Data:

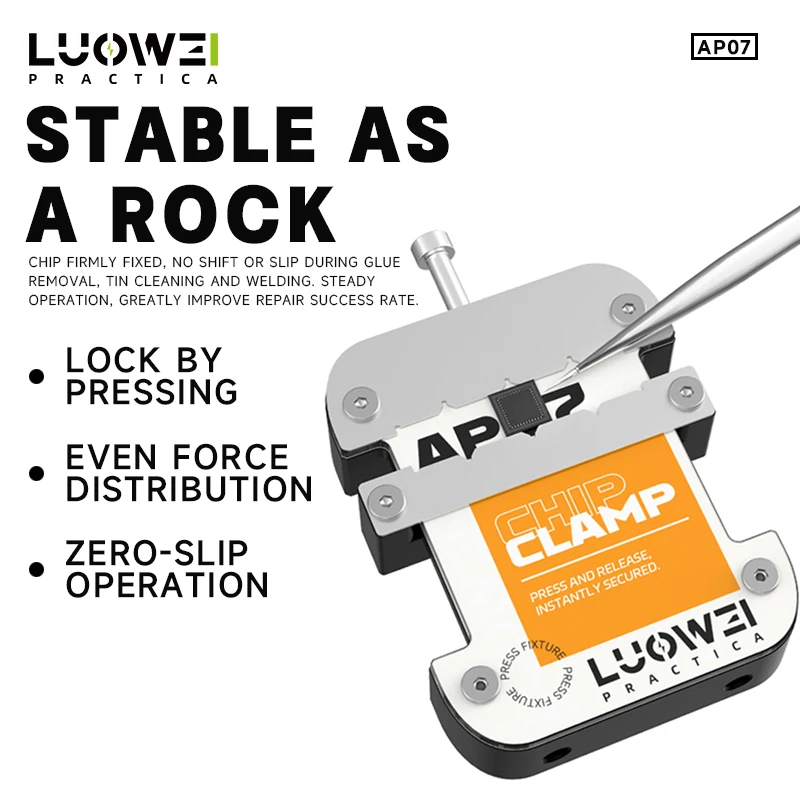 LUOWEI AP07 Chip Fixture High Temperature Resistant Press-to-Lock Clamp for Mobile Phone IC Chip Glue Removal Soldering Repair
LUOWEI AP07 Chip Fixture High Temperature Resistant Press-to-Lock Clamp for Mobile Phone IC Chip Glue Removal Soldering Repair
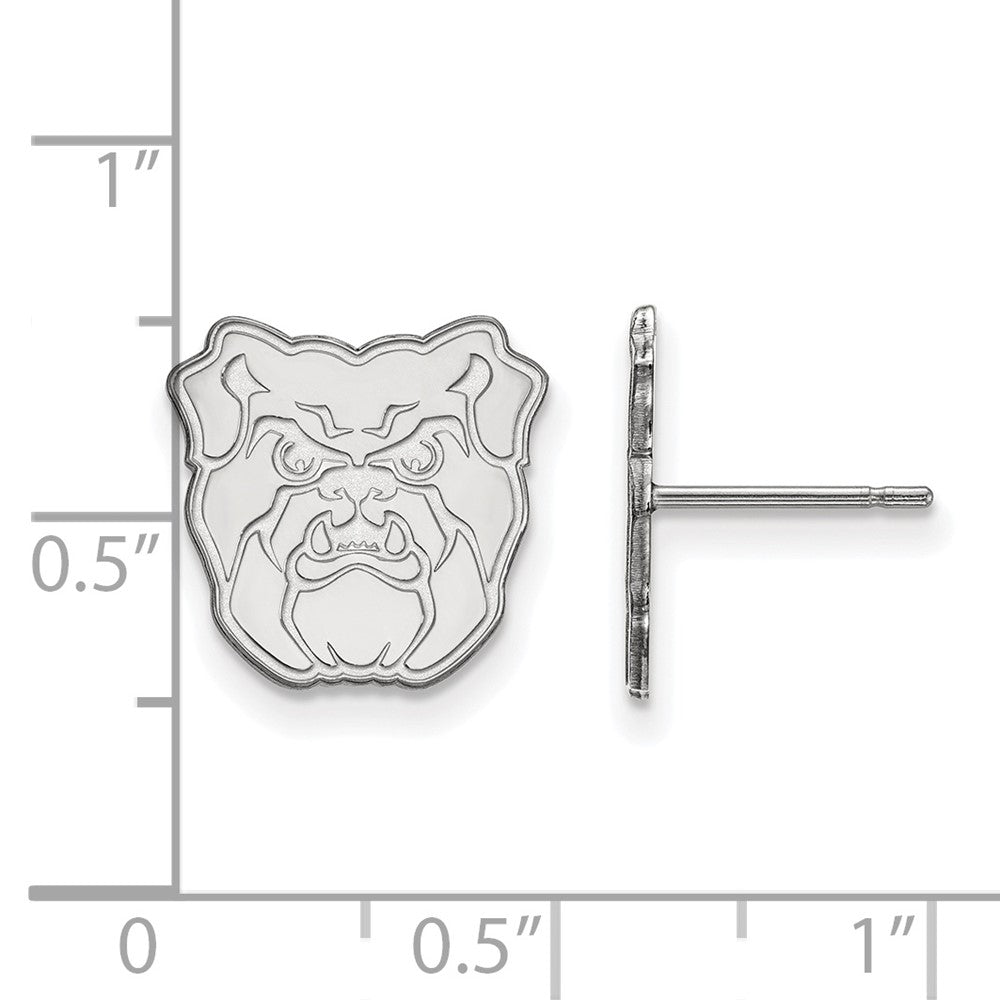 Sterling Silver Rhodium-plated LogoArt Butler University Bulldog Small Post Earrings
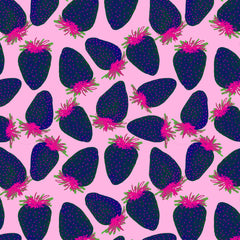Wall mural Strawberries Fruit Navy Blue Pink On Pink – fototapet med unikt motiv som skapar en inspirerande fondvägg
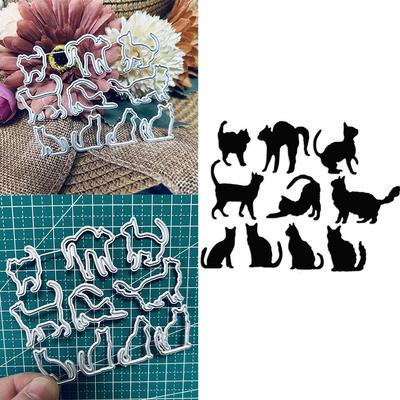 10 pièces Matrices de découpe Chats, Pochoirs de découpe Chatons pour Papier, Matrices de découpe pour Fabrication de Cartes, Pochoir Découpe Métallique pour Loisirs Créatifs DIY Scrapbooking Album Carte Papier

Prompt: The task calls for every line of the data to be returned exactly, without pictures.

Response for this exercise:
 LUOWEI AP07 Chip Fixture High Temperature Resistant Press-to-Lock Clamp for Mobile Phone IC Chip Glue Removal Soldering Repair
LUOWEI AP07 Chip Fixture High Temperature Resistant Press-to-Lock Clamp for Mobile Phone IC Chip Glue Removal Soldering Repair
 Sterling Silver Rhodium-plated LogoArt Butler University Bulldog Small Post Earrings
Wall mural Strawberries Fruit Navy Blue Pink On Pink – fototapet med unikt motiv som skapar en inspirerande fondvägg
 10 pièces Matrices de découpe Chats, Pochoirs de découpe Chatons pour Papier, Matrices de découpe pour Fabrication de Cartes, Pochoir Découpe Métallique pour Loisirs Créatifs DIY Scrapbooking Album Carte Papier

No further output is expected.